Salah satunya adalah "Waiting in Vain". Ini lagu yang bisa merobek-robek hatimu hingga menjadi serpihan kecil, walau dituturkan dengan nada dan cara berdendang yang santai. Menunggu, bagi Bob, adalah hal yang menyebalkan.

"I don't wanna wait in vain for your love..."

Breeetttt. Terdengarlah suara hati yang terobek.

///

Menunggu bisa sangat melelahkan. 

"For a while," kata Haruku Murakami, sang pengarang yang senang sekali mengagungkan sakit hati dan kenangan, "is a phrase whose lenght can't be measured. At leastby the person who's waiting.

Kata 'sesaat' itu tak bisa diukur. Setidaknya oleh orang yang menunggu.

Bob Marley, yang menulis "Waiting in Vain" saat jatuh cinta dengan Cindy Breakspeare pada pertengahan dekade 70, bahkan menulis ...cause if summer is here, I'm still waiting there. Winter is here, and I'm still waiting there, untuk menggambarkan lama penantiannya.

Bagi yang belum tahu, para penghuni bumi ini terbagi dalam dua golongan. Jenis pertama adalah orang yang bukan penyabar, atau setidaknya tak suka bersabar. Sedangkan golongan kedua berisi jenis orang yang membuat saya sadar bahwa sabar dan pandir itu tipis bedanya.

Saya punya seorang kawan. Tak lama saya mengenalnya. Baru dalam hitungan satu dua tahun. Namun ia tahan dengan aneka gojlokan kurang ajar saya, bahkan ketagihan.
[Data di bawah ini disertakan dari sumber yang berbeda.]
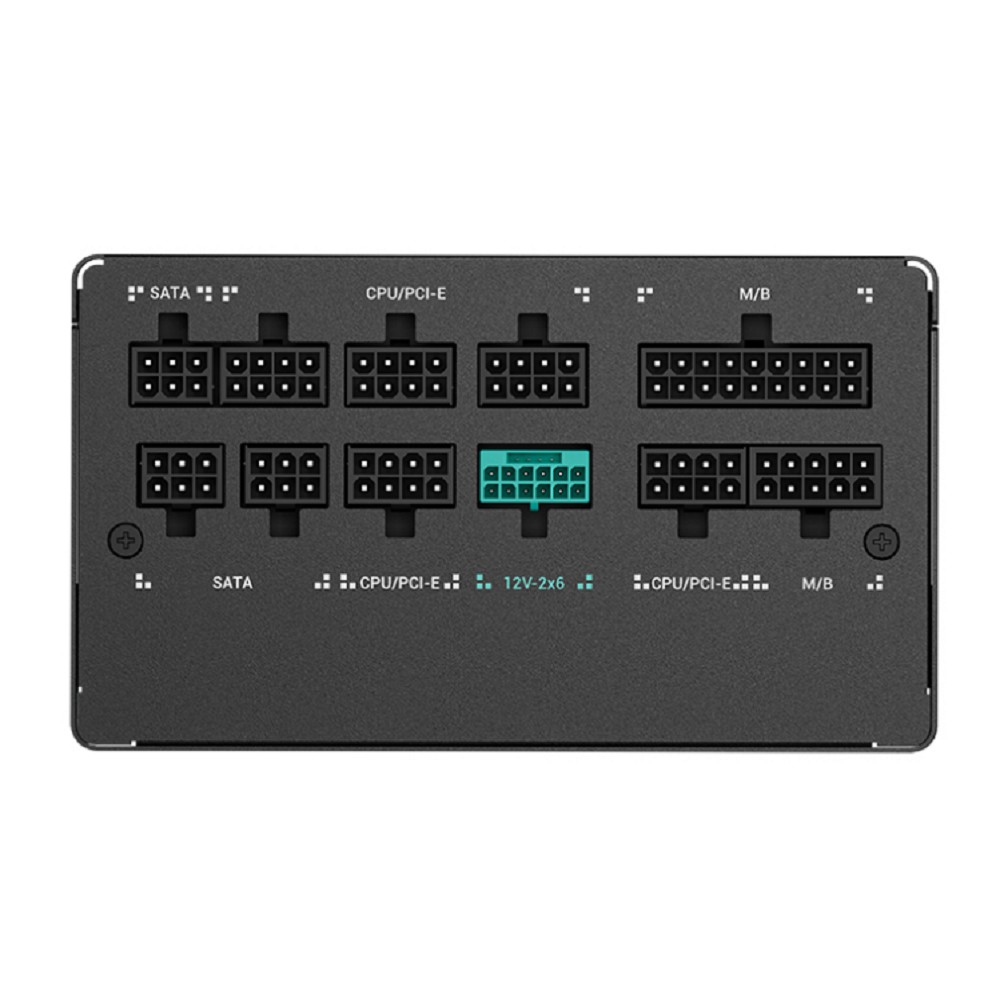 Блок питания DeepCool GAMERSTORM PN850M Gen.5, 850Вт, 120мм, черный, retail [r-pn850m-fc0b-eu]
Orang macam ini berpotensi jadi kawan saya hingga tua kelak.

Kawan saya ini adalah orang jenis kedua, yang membuat saya bingung: apakah ia sabar? Atau terlalu bodoh?

Pria dengan kulit legam dan senyum menyebalkan ini begitu setia menunggu seorang perempuan yang bahkan tak menganggapnya ada. Atau, kalaupun dianggap ada, ia pasti sudah dianggap sebagai orang yang mengganggu.

"Aku di block di twitter sama dia," kata pria itu suatu saat.

Nah kan...

Sebenarnya kisah cinta tolol macam ini, lelaki punguk yang merindukan bulan, bukan satu dua kali saya temui. Kisah cinta macam ini berjejer di rak toko buku. Dari yang gedongan hingga di tumpukan buku loakan yang tak kunjung laku lantas dikilokan. 

Kisah cintanya bukan kisah cinta menggugah yang membuatnya layak diganjar status best seller.

Tapi tetap saja, melihat kawan ini begitu teguh dan gigih menunggu dan mengejar cinta, saya mau tak mau tetap tergugah. Lebih tepatnya kasihan sih. Pasalnya, menunggu terlalu lama bisa membuat seseorang berhalusinasi.

Bayangkan, dalam blognya, ia selalu menulis seraya membayangkan ia menceritakan sesuatu pada orang yang dikasihi dan mengasihinya. Padahal orang semacam itu tak ada, atau setidaknya belum ada. Saya sempat berpikir ia sedang menderita penyakit waham kedua puluh: berkhayal mempunyai kekasih, padahal tidak. Tapi saya mahfum, itu sindrom majenun yang sering muncul pada orang yang terlampau lama menunggu cinta tak bersambut.

Beberapa malam silam, sang kawan ini mengirimkan surel pada saya dan beberapa kawan lainnya. Intinya, ia membuat blog rahasia untuk sang pujaan hati. Lalu kelak, entah kapan, ia akan membukukan senarai tulisan itu, untuk kemudian diberikan kepada sang pujaan hati.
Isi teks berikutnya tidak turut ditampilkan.